_Try it_
Each entry below must be written out exactly, with pictures left out.

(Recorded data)
* * *

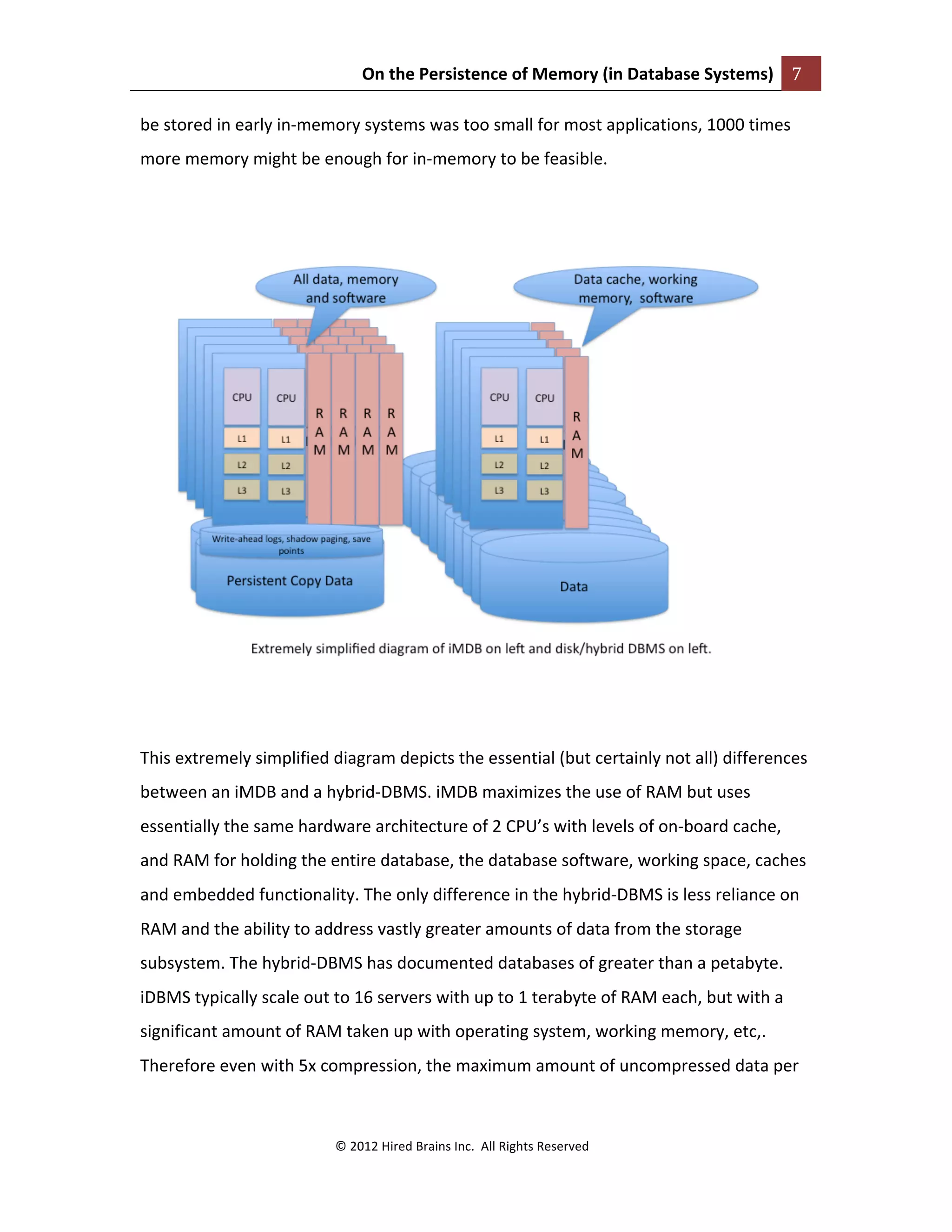 On	
  the	
  Persistence	
  of	
  Memory	
  (in	
  Database	
  Systems)	
   7	
  
	
  
©	
  2012	
  Hired	
  Brains	
  Inc.	
  	
  All	
  Rights	
  Reserved	
  
	
  
be	
  stored	
  in	
  early	
  in-­‐memory	
  systems	
  was	
  too	
  small	
  for	
  most	
  applications,	
  1000	
  times	
  
more	
  memory	
  might	
  be	
  enough	
  for	
  in-­‐memory	
  to	
  be	
  feasible.	
  	
  
	
  
	
  
This	
  extremely	
  simplified	
  diagram	
  depicts	
  the	
  essential	
  (but	
  certainly	
  not	
  all)	
  differences	
  
between	
  an	
  iMDB	
  and	
  a	
  hybrid-­‐DBMS.	
  iMDB	
  maximizes	
  the	
  use	
  of	
  RAM	
  but	
  uses	
  
essentially	
  the	
  same	
  hardware	
  architecture	
  of	
  2	
  CPU’s	
  with	
  levels	
  of	
  on-­‐board	
  cache,	
  
and	
  RAM	
  for	
  holding	
  the	
  entire	
  database,	
  the	
  database	
  software,	
  working	
  space,	
  caches	
  
and	
  embedded	
  functionality.	
  The	
  only	
  difference	
  in	
  the	
  hybrid-­‐DBMS	
  is	
  less	
  reliance	
  on	
  
RAM	
  and	
  the	
  ability	
  to	
  address	
  vastly	
  greater	
  amounts	
  of	
  data	
  from	
  the	
  storage	
  
subsystem.	
  The	
  hybrid-­‐DBMS	
  has	
  documented	
  databases	
  of	
  greater	
  than	
  a	
  petabyte.	
  
iDBMS	
  typically	
  scale	
  out	
  to	
  16	
  servers	
  with	
  up	
  to	
  1	
  terabyte	
  of	
  RAM	
  each,	
  but	
  with	
  a	
  
significant	
  amount	
  of	
  RAM	
  taken	
  up	
  with	
  operating	
  system,	
  working	
  memory,	
  etc,.	
  
Therefore	
  even	
  with	
  5x	
  compression,	
  the	
  maximum	
  amount	
  of	
  uncompressed	
  data	
  per	
  
 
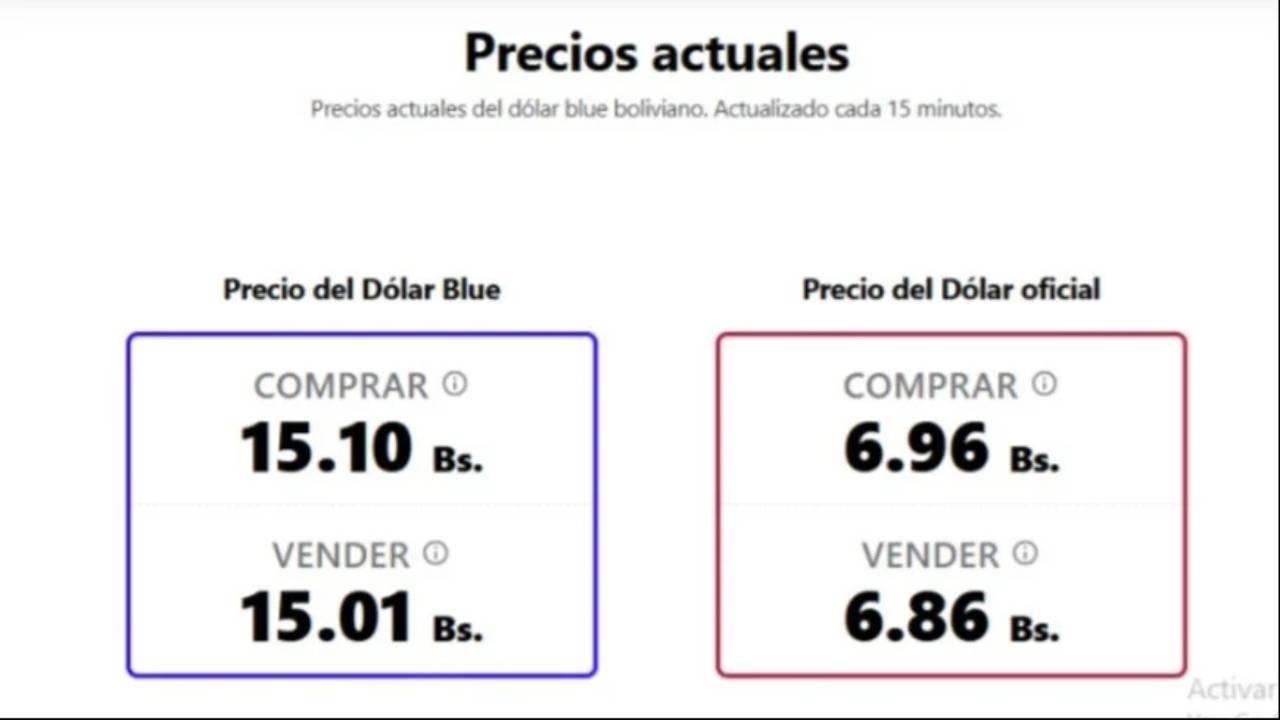 ¿A cuánto se cotiza el dólar paralelo este miércoles, 9 de julio en Bolivia?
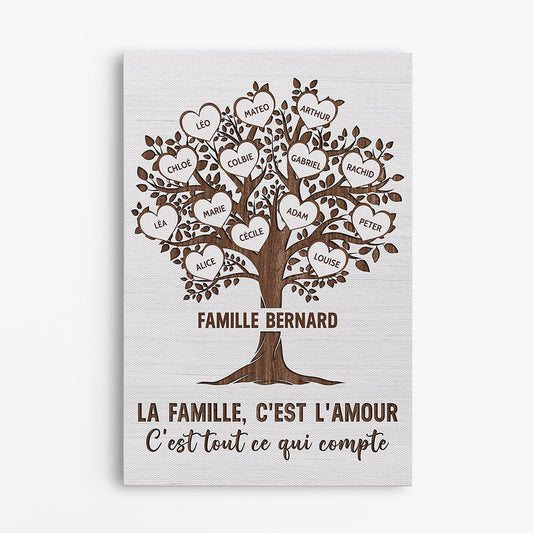 0373C248IFR1 Cadeau Personnalise Toile Arbre Famille_5bfcbc8c 7c51 46cd 89ee 501f882f6b7f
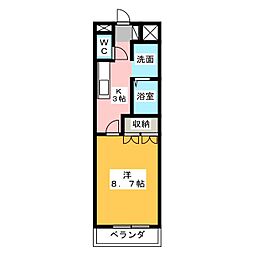 パレディオンハウス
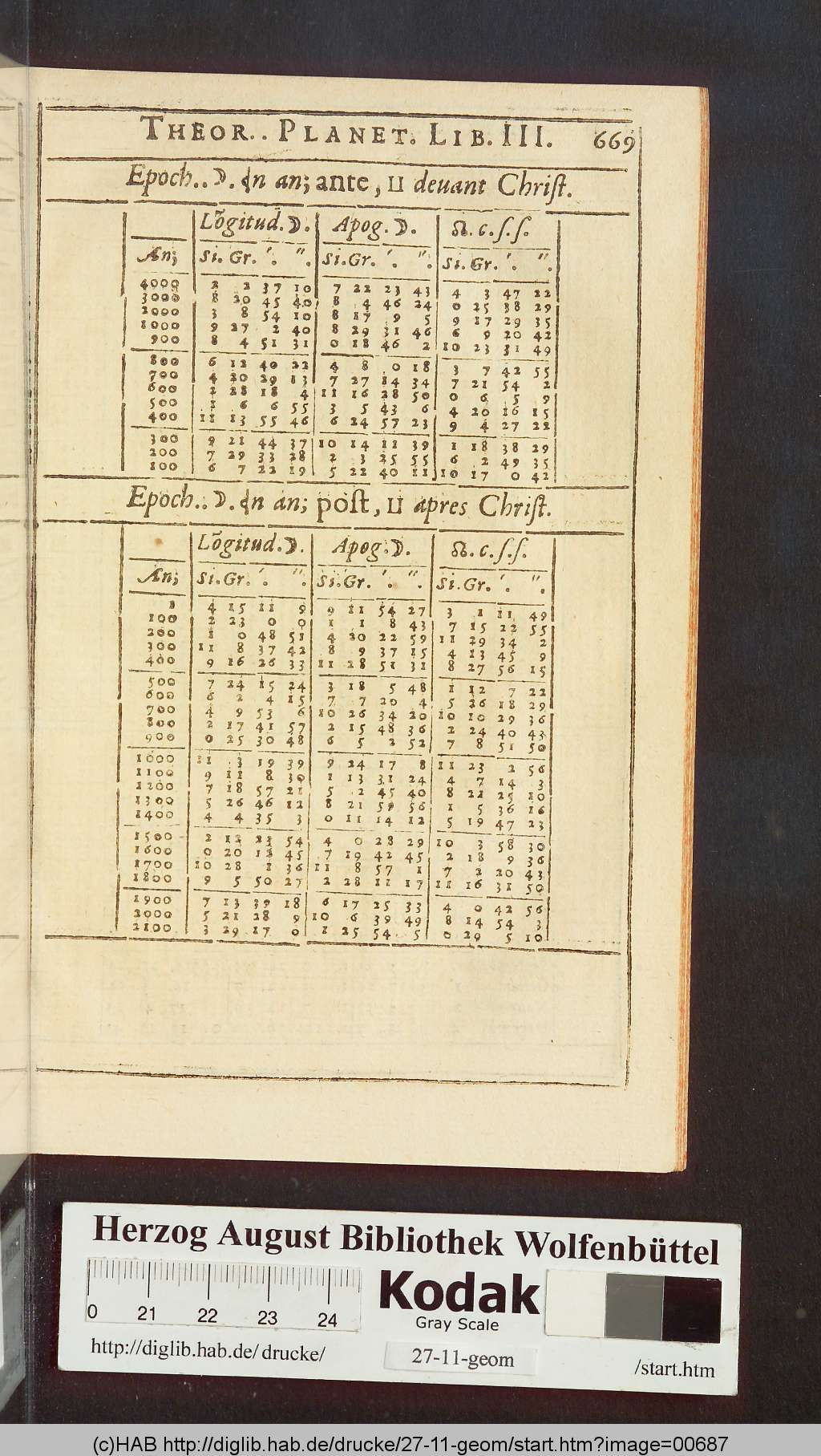 http://diglib.hab.de/drucke/27-11-geom/00687.jpg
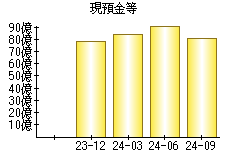 現預金等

* * *

_Answer box_
 On	
  the	
  Persistence	
  of	
  Memory	
  (in	
  Database	
  Systems)	
   7	
  
	
  
©	
  2012	
  Hired	
  Brains	
  Inc.	
  	
  All	
  Rights	
  Reserved	
  
	
  
be	
  stored	
  in	
  early	
  in-­‐memory	
  systems	
  was	
  too	
  small	
  for	
  most	
  applications,	
  1000	
  times	
  
more	
  memory	
  might	
  be	
  enough	
  for	
  in-­‐memory	
  to	
  be	
  feasible.	
  	
  
	
  
	
  
This	
  extremely	
  simplified	
  diagram	
  depicts	
  the	
  essential	
  (but	
  certainly	
  not	
  all)	
  differences	
  
between	
  an	
  iMDB	
  and	
  a	
  hybrid-­‐DBMS.	
  iMDB	
  maximizes	
  the	
  use	
  of	
  RAM	
  but	
  uses	
  
essentially	
  the	
  same	
  hardware	
  architecture	
  of	
  2	
  CPU’s	
  with	
  levels	
  of	
  on-­‐board	
  cache,	
  
and	
  RAM	
  for	
  holding	
  the	
  entire	
  database,	
  the	
  database	
  software,	
  working	
  space,	
  caches	
  
and	
  embedded	
  functionality.	
  The	
  only	
  difference	
  in	
  the	
  hybrid-­‐DBMS	
  is	
  less	
  reliance	
  on	
  
RAM	
  and	
  the	
  ability	
  to	
  address	
  vastly	
  greater	
  amounts	
  of	
  data	
  from	
  the	
  storage	
  
subsystem.	
  The	
  hybrid-­‐DBMS	
  has	
  documented	
  databases	
  of	
  greater	
  than	
  a	
  petabyte.	
  
iDBMS	
  typically	
  scale	
  out	
  to	
  16	
  servers	
  with	
  up	
  to	
  1	
  terabyte	
  of	
  RAM	
  each,	
  but	
  with	
  a	
  
significant	
  amount	
  of	
  RAM	
  taken	
  up	
  with	
  operating	
  system,	
  working	
  memory,	
  etc,.	
  
Therefore	
  even	
  with	
  5x	
  compression,	
  the	
  maximum	
  amount	
  of	
  uncompressed	
  data	
  per	
  
 
 ¿A cuánto se cotiza el dólar paralelo este miércoles, 9 de julio en Bolivia?
 0373C248IFR1 Cadeau Personnalise Toile Arbre Famille_5bfcbc8c 7c51 46cd 89ee 501f882f6b7f
 パレディオンハウス
 http://diglib.hab.de/drucke/27-11-geom/00687.jpg
 現預金等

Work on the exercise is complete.